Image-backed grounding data
== == ==

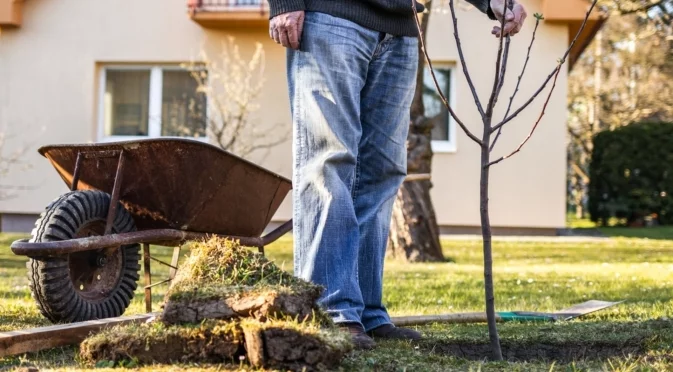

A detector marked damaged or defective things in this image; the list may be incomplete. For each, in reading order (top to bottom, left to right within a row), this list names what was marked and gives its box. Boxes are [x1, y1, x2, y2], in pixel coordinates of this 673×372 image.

rusty wheelbarrow tray [10, 138, 292, 324]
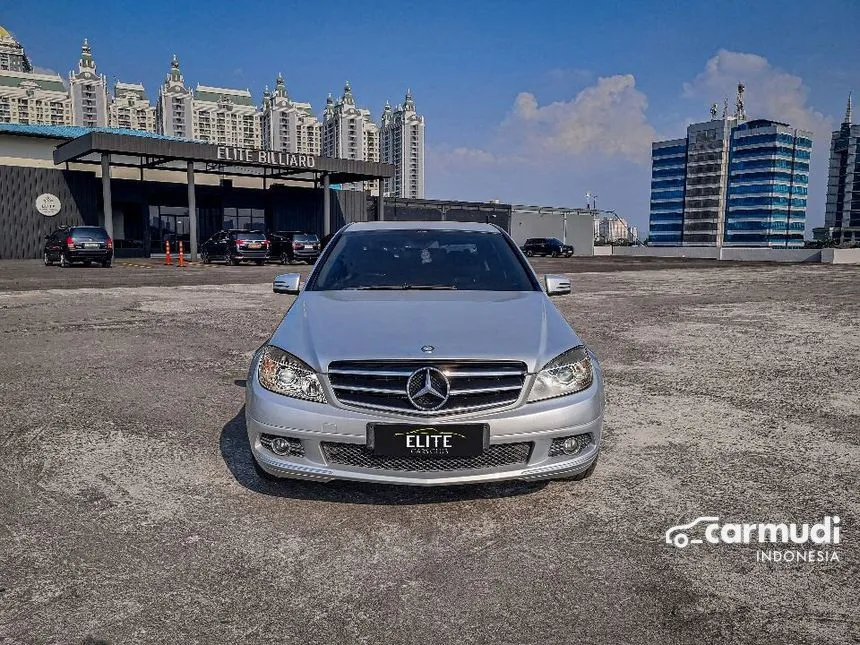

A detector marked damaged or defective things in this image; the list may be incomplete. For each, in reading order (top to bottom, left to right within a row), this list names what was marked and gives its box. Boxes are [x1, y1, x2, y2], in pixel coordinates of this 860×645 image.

cracked asphalt surface [0, 258, 856, 644]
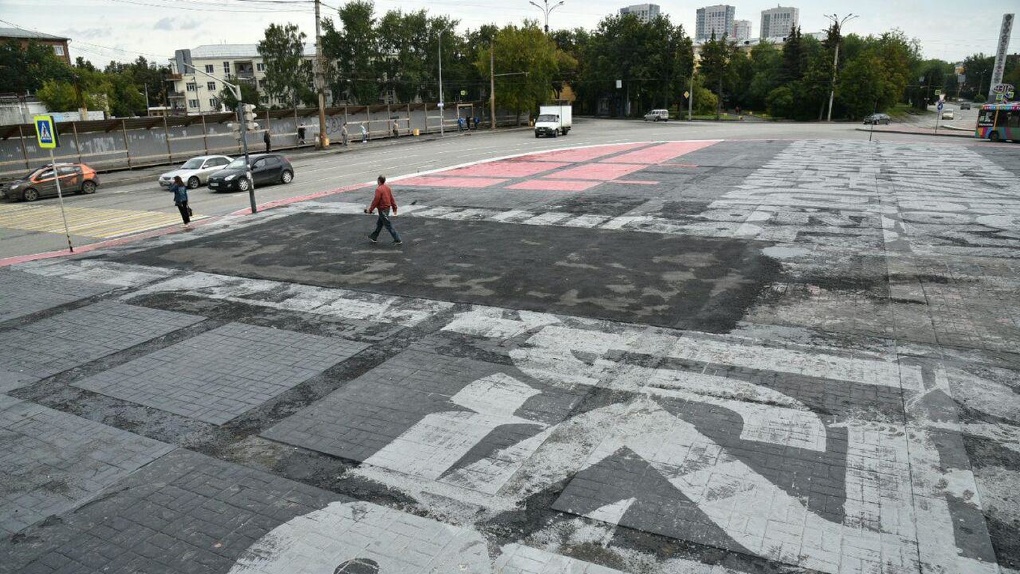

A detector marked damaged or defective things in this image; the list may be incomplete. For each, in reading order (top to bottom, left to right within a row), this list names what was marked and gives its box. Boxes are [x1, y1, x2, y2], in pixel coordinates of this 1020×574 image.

black asphalt patch [103, 213, 775, 332]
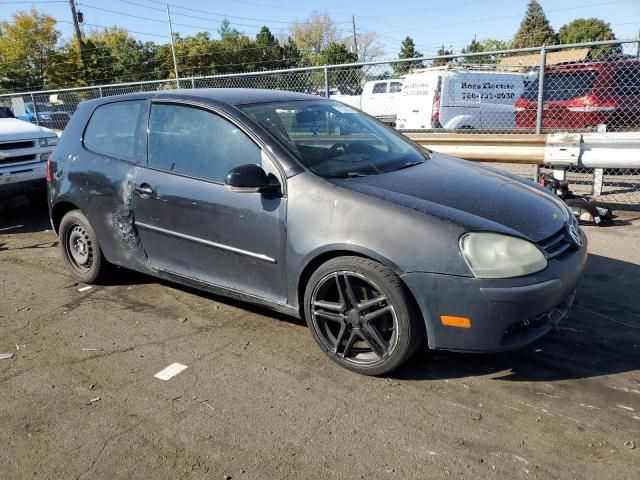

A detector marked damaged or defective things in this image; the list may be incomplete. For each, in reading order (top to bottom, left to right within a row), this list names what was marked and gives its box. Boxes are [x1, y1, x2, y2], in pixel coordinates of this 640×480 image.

damaged body panel [50, 89, 588, 376]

== == ==

What you need to do: Leaving out the pictures, repeat the data above exactly.

Solution for this exercise:
A detector marked damaged or defective things in this image; the list may be incomplete. For each, in reading order (top to bottom, left to right within a row), this list names what was marked and gives its box. Boxes are [x1, y1, x2, y2], in pixel coordinates of this 673×372 image.

rusty wheelbarrow tray [10, 138, 292, 324]

A detector marked damaged or defective things in this image; the list may be incomplete. For each, in reading order (top to bottom, left to right within a row), this list names what was marked and gives its box. Boxes are [x1, y1, x2, y2], in pixel coordinates of this 860×645 image.

cracked asphalt surface [0, 258, 856, 644]

A detector marked damaged or defective things in this image; the list may be incomplete. For each, in reading order (top to bottom, left to right within a row), this list names what was marked and gives its box. Boxes are [x1, y1, x2, y2], in pixel coordinates of this 1020×574 image.

black asphalt patch [103, 213, 775, 332]

A detector marked damaged or defective things in this image; the list may be incomplete. For each, in reading order (top to bottom, left to right within a row), this list names what was marked and gives its box. Boxes are [x1, y1, x2, y2], in pixel coordinates of this 640×480 image.

damaged body panel [50, 89, 588, 376]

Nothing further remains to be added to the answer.